One of the last pristine marine soundscapes, the Arctic, is exposed to increasing anthropogenic activities due to climate-induced decrease in sea ice coverage. In this study, we combined movement and behavioral data from animal-borne tags in a controlled sound exposure study to describe the reactions of narwhals, Monodon monoceros, to airgun pulses and ship noise. Sixteen narwhals were live captured and instrumented with satellite tags and Acousonde acoustic-behavioral recorders, and 11 of them were exposed to airgun pulses and vessel sounds. The sound exposure levels (SELs) of pulses from a small airgun (3.4 L) used in 2017 and a larger one (17.0 L) used in 2018 were measured using drifting recorders. The experiment was divided into trials with airgun and ship-noise exposure, intertrials with only ship-noise, and pre- and postexposure periods. Both trials and intertrials lasted ∼4 h on average per individual. Depending on the location of the whales, the number of separate exposures ranged between one and eight trials or intertrials. Received pulse SELs dropped below 130 dB re 1 μPa2 s by 2.5 km for the small airgun and 4–9 km for the larger airgun, and background noise levels were reached at distances of ∼3 and 8–10.5 km, respectively, for the small and big airguns. Avoidance reactions of the whales could be detected at distances >5 km in 2017 and >11 km in 2018 when in line of sight of the seismic vessel. Meanwhile, a ∼30% increase in horizontal travel speed could be detected up to 2 h before the seismic vessel was in line of sight.
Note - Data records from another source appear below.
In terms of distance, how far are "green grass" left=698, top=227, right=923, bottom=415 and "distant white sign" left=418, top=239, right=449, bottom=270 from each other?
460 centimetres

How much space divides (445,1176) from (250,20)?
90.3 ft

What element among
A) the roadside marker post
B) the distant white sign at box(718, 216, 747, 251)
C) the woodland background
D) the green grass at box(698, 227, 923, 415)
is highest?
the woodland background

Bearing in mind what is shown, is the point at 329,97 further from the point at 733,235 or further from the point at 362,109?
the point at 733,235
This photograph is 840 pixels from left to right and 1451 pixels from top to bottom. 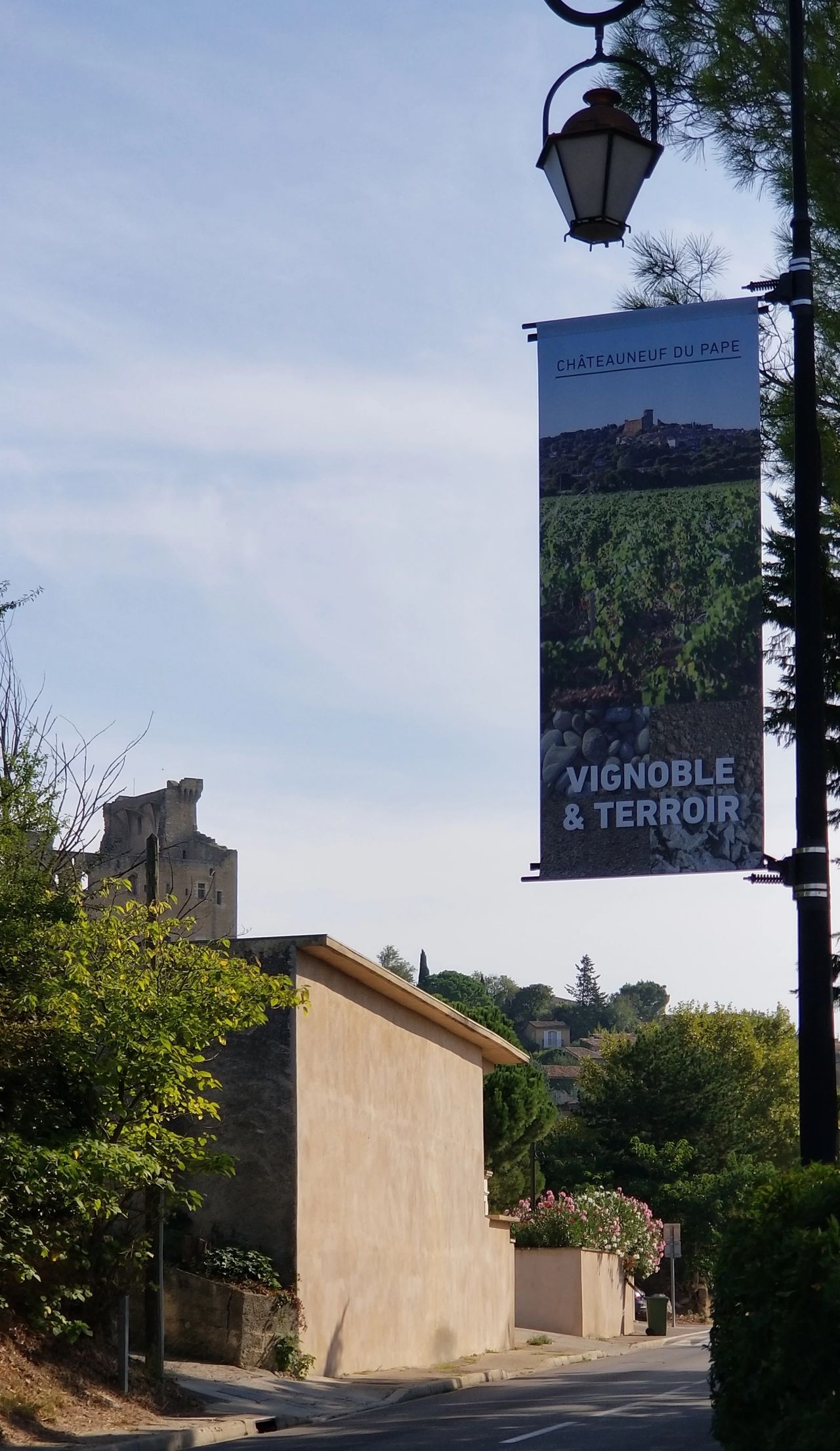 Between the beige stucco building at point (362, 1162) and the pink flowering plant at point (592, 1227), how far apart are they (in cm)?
981

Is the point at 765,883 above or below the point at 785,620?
below

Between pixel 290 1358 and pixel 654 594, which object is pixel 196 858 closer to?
pixel 290 1358

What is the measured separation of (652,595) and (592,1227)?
1320 inches

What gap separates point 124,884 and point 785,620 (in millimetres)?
8332

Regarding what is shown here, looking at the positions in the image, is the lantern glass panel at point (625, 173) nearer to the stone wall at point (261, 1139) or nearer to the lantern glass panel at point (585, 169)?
the lantern glass panel at point (585, 169)

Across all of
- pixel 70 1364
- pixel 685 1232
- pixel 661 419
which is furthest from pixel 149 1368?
pixel 685 1232

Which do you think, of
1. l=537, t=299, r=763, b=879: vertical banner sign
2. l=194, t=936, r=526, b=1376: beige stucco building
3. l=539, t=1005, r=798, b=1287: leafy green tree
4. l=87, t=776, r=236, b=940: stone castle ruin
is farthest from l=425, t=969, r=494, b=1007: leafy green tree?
l=537, t=299, r=763, b=879: vertical banner sign

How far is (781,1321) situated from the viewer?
712cm

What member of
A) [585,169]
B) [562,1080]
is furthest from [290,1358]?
[562,1080]

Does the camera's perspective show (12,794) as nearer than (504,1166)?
Yes

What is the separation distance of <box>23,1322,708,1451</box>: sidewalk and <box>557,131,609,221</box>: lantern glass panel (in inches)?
409

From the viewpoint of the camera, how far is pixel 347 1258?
2197 centimetres

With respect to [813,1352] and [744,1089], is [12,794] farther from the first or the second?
[744,1089]

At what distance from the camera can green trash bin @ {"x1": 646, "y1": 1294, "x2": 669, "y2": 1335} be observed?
4325 centimetres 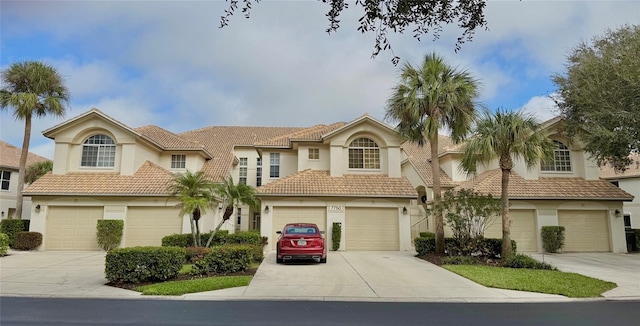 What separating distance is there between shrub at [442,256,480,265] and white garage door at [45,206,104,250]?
17.1 m

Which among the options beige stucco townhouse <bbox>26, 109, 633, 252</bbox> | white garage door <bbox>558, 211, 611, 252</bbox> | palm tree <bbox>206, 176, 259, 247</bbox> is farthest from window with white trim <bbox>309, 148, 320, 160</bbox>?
white garage door <bbox>558, 211, 611, 252</bbox>

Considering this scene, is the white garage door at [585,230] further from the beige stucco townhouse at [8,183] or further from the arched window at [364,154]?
the beige stucco townhouse at [8,183]

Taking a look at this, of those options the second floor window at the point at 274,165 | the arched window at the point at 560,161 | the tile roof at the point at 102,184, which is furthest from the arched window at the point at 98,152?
the arched window at the point at 560,161

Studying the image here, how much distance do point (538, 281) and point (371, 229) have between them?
1051cm

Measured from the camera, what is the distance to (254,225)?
102 feet

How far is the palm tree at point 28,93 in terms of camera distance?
914 inches

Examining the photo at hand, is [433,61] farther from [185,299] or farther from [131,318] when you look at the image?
[131,318]

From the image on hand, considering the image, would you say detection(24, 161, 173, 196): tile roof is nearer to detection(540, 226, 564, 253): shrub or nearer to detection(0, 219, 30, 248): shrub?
detection(0, 219, 30, 248): shrub

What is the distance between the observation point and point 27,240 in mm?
19969

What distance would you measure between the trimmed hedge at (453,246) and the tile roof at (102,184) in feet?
42.4

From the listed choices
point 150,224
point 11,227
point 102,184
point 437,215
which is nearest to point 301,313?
point 437,215

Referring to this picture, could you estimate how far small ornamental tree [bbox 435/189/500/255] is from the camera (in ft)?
53.6

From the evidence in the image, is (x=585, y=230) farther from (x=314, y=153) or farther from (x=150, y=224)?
(x=150, y=224)

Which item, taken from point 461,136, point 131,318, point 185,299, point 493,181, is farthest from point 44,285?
point 493,181
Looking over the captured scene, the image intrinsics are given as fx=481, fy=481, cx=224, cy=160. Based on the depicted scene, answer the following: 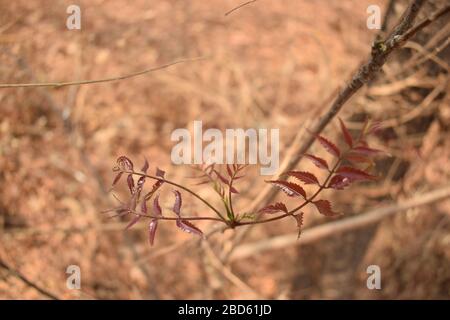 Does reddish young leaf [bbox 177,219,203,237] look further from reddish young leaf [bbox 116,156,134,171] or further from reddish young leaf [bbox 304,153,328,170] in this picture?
reddish young leaf [bbox 304,153,328,170]

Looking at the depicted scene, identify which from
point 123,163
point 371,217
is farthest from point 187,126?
point 123,163

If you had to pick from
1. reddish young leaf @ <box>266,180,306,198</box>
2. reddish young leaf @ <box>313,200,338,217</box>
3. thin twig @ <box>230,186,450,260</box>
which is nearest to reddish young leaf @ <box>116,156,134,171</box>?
reddish young leaf @ <box>266,180,306,198</box>

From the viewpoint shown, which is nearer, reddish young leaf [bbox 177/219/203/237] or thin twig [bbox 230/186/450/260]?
reddish young leaf [bbox 177/219/203/237]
Applying line of sight as the criterion for exposure thus excludes some potential pre-response effects, and our estimates of effects must therefore be considered conservative. The whales reacted by changing their swimming speed and direction at distances between 5 and 24 km depending on topographical surroundings where the exposure occurred. The propensity of the whales to move towards the shore increased with increasing exposure (i.e., shorter distance to vessels) and was highest with the large airgun used in 2018, where the whales moved towards the shore at distances of 10–15 km. No long-term effects of the response study could be detected.

Highlights

  • Anthropogenic activities such as shipping, seismic exploration, pile driving, dredging, ice breaking, and sonar and military activities introduce underwater noise pollution in both coastal and open ocean areas (Hildebrand, 2009)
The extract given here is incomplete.